Work item
Restate all the data word for word and omit the pictures.

The data
▼

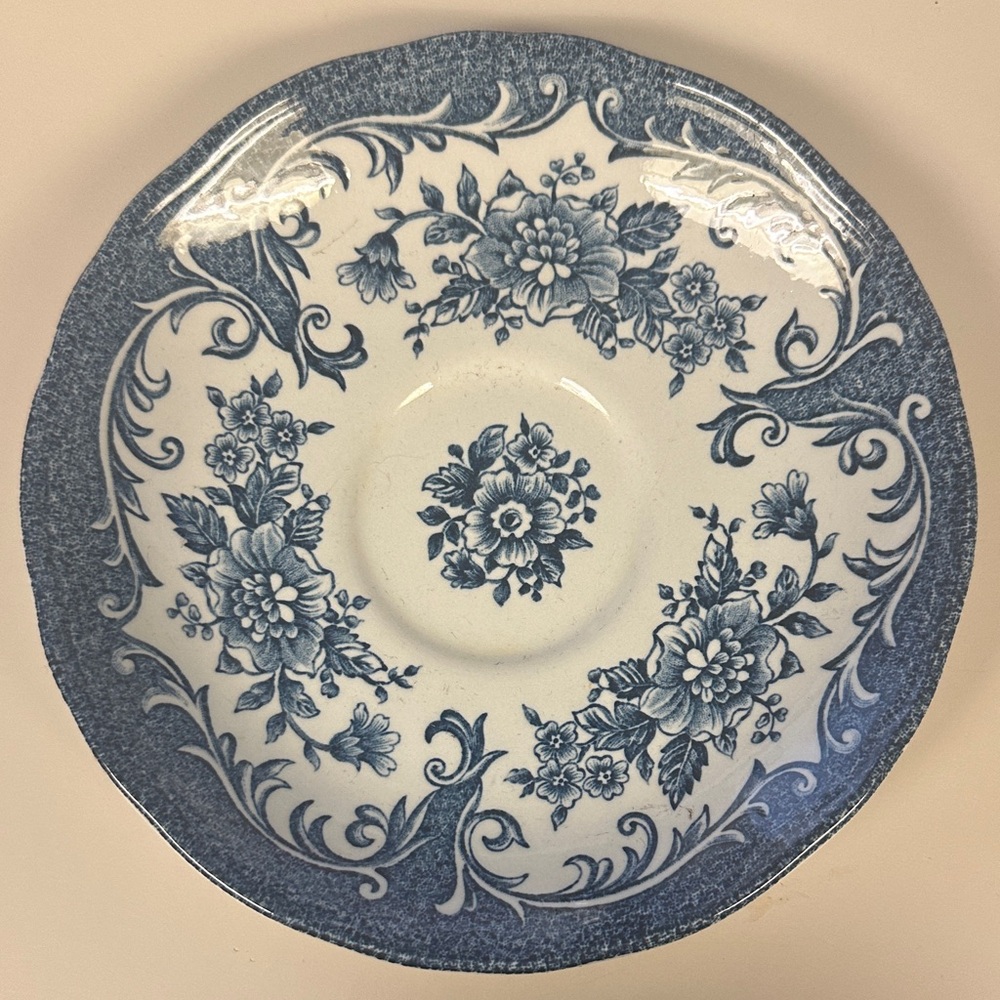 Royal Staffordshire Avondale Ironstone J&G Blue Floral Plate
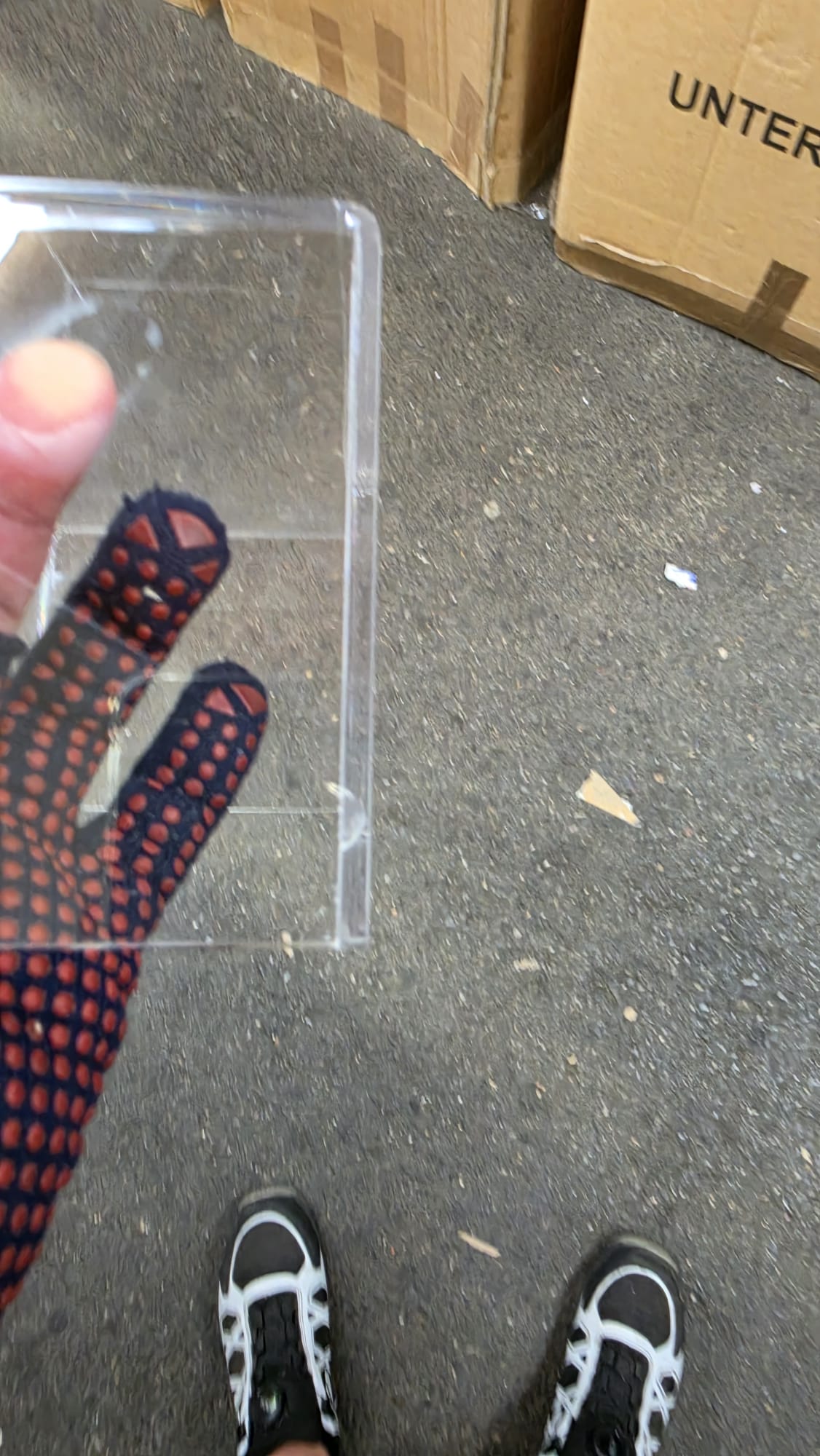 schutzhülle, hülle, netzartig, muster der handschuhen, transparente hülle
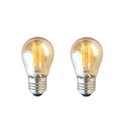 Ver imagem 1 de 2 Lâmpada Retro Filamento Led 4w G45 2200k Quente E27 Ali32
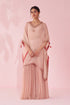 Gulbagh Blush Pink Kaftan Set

▲

Result of the task
 Royal Staffordshire Avondale Ironstone J&G Blue Floral Plate
 schutzhülle, hülle, netzartig, muster der handschuhen, transparente hülle
 Ver imagem 1 de 2 Lâmpada Retro Filamento Led 4w G45 2200k Quente E27 Ali32
 Gulbagh Blush Pink Kaftan Set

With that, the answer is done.